下記は、 『plot_model』関数を使って表示させたグラフです。
PyCaretには、この3つ以外にも多くのグラフを表示させる機能が含まれています。さらに、①の各ボタンをクリックすると、コードを書かなくても、様々なグラフが現れます。それを順番に解説していきます。
1.Hyperparameters
パラメーター(Parameter)は、モデルが訓練データから自動的に学習し、調整していく重みやバイアスなどの値です。それに対して、ハイパーパラメータ(Hyperparameter)は、学習前に人手で設定するアルゴリズムの挙動を制御する値です。つまり、パラメータはモデルが学習によって得たもの、ハイパーパラメータはモデルの学習の前に設定するものとなります。
Hyperparametersでは、PyCaretがハイパーパラメータをどのように設定したかを表示してくれます。
本来、ハイパーパラメータは、分析者が経験等に基づいて決めるものですが、PyCaretはいい感じに決めてくれます。
次スライド以降でハイパーパラメーターの解説をしますが、PyCaretには、このハイパーパラメーターをチューニングして一番結果が良いものを選択してくれる機能(『tune_model』関数)がありますので、こだわって覚える必要はありません。この辺が、PyCaretは『シチズンデータサイエンティスト』にぴったりな分析環境と言える所以です。
次の9枚のスライドは、『Hyperparameters』ボタンをクリックした結果出てきたハイパーパラメーターと、PyCaretがどのようにハイパーパラメーターを決めたかをリスト化したものです。
2.Residuals
plot_model関数(「residuals」)で出てきたものと同じで、残差プロットが表示されます。残差は、実際の値と予測値の差のことです。グラフは下記の2つ描かれています。
▶ 散布図(左側)
→横軸: モデルによる予測値(Predicted Values)
→縦軸: 残差(Residuals、実際の値と予測値の差)
この散布図により、予測値の大きさに関わらず残差がランダムに分布しているか(パターンがないか)を確認します。理想的なモデルでは、残差は横軸の0の周りに均等に散らばっています。
▶ ヒストグラム(右側)
→散布図の残差の分布を示すヒストグラムが表示されます。
回帰分析の基本的な仮定として、残差は正規分布に従うことが望ましいため、ヒストグラムが釣鐘型(正規分布に近い形)になっているかを確認します。

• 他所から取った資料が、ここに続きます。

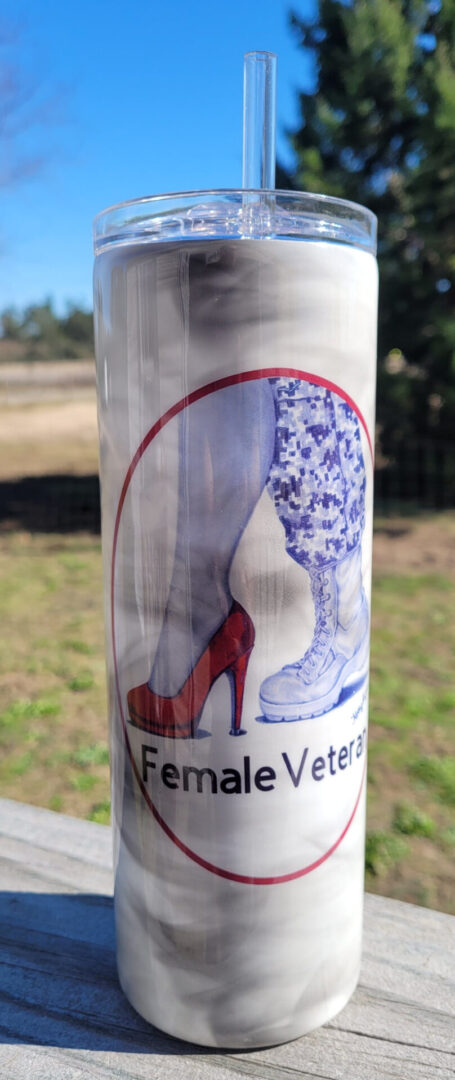 Tumbler depicting a graphic with two legs: one in a red High Heel and the other in a Combat Boot, encircled by the text "female veteran".
Product Name: High Heel and Combat Boot Tumbler (20 Oz. Skinny)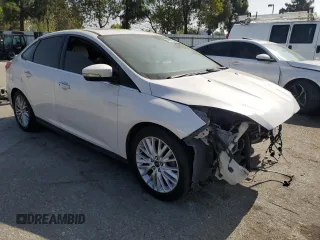 2017 Ford Focus Titanium with VIN 1FADP3J2XHL291606, listed as a Copart auction lot 58268285 with 153,272 mi miles and Salvage title. Bid and sale history available at DreamBid. Image 4.
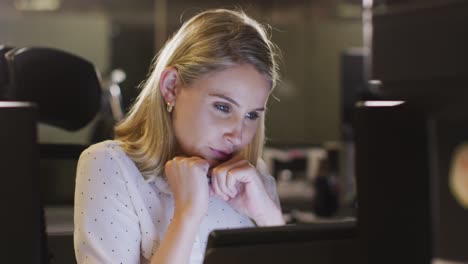 professional businesswoman working while sitting on her desk in modern office in slow motion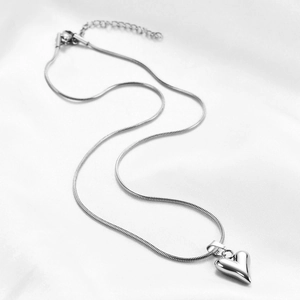 Elegant silver heart necklace with a sleek snake chain on white silk background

一般的に、以下の場合、モデルはデータの構造を適切に捉えており、回帰分析の仮定がおおむね満たされていると判断できます。
●残差が0の周りに均等に分散している(散布図)
●残差に特定のパターンが見られない(散布図)
●残差の分布が正規分布に近い(ヒストグラム)
3.Prediction Error
次もplot_model関数(「error」)で解説したものです。横軸に実際の値、縦軸に予測値をプロットしたグラフが表示されます。これを、予測誤差プロットと言います。予測が完全であれば、傾き1の直線上に点が乗り、点が傾き1の直線周辺に集まるモデルが良いモデルとなります。
左上の凡例には、下記の3つが記載されています。
R2 → 決定係数。目的変数が十分に説明されているかどうかを数値 化したもの。
best fit → グラフ上のデータ点(実際の値と予測値のペア)に最もよく適合するように引かれた直線です。
identity → 傾きが 1 の直線を表します。理想的な予測を表す線になります。

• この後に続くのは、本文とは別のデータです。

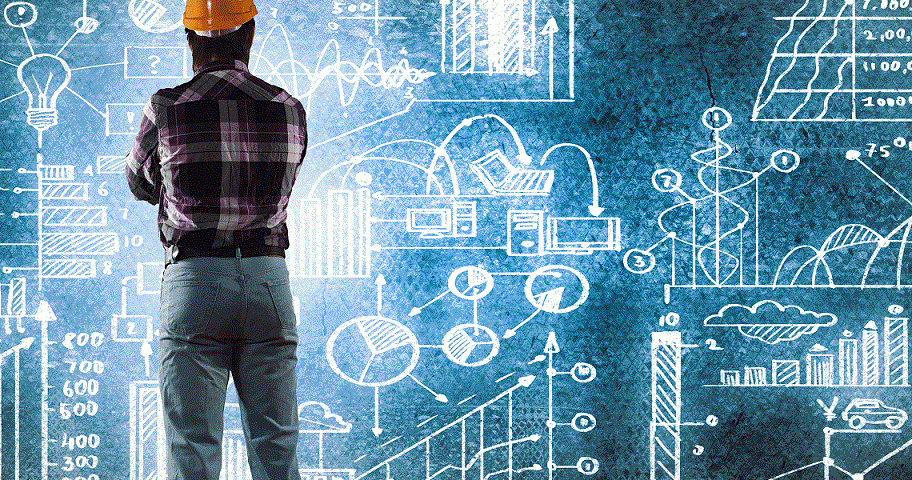 Man in hardhat observing digital plans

散布図の点がidentityの線の周りに集まり、かつbest fitの線がidentityの線に重なっている状態が、最も良いモデルを示します。
4.Cooks Distance
このグラフの目的は、影響力のある観測値(Influential Observations)を特定することです。クックの距離が大きいデータポイントは、その点をデータセットから除外した場合に、モデルの推定された係数や予測値が大きく変化することを示しており、モデルの結果に強い影響を与えています。
グラフには、破線(紫色の点線)で影響力の閾値 が示されています。この閾値は、特定のデータポイントがモデルに過度に影響を与えているかを判断する一般的な基準の一つです。凡例に記載されている式は、全データポイントの6.62%がこの設定された閾値 を超えていることを示しています。約6.6%のデータが、モデルの結果に注意が必要なレベルの影響を与えているということです。
クックの距離に関しては、下記を参照してみてください。
【参考】 統計検定準1級 クックの距離を深めに理解する
5.Feature Selection
このグラフは、モデルの性能を最大化するために最適な特徴量の数を見つける過程を視覚化したものです。
X軸にNumber of Features (特徴量の数)、Y軸にCross-Validation Score (*R2) をとった折れ線グラフです。
*R2: PyCaretでは、ハイパーパラメーター『eval_metric』がRMSEと指定されていても、デフォルトでグラフのY軸にR2のような「高いほど良い」指標を表示するように設計されているためと考えられます。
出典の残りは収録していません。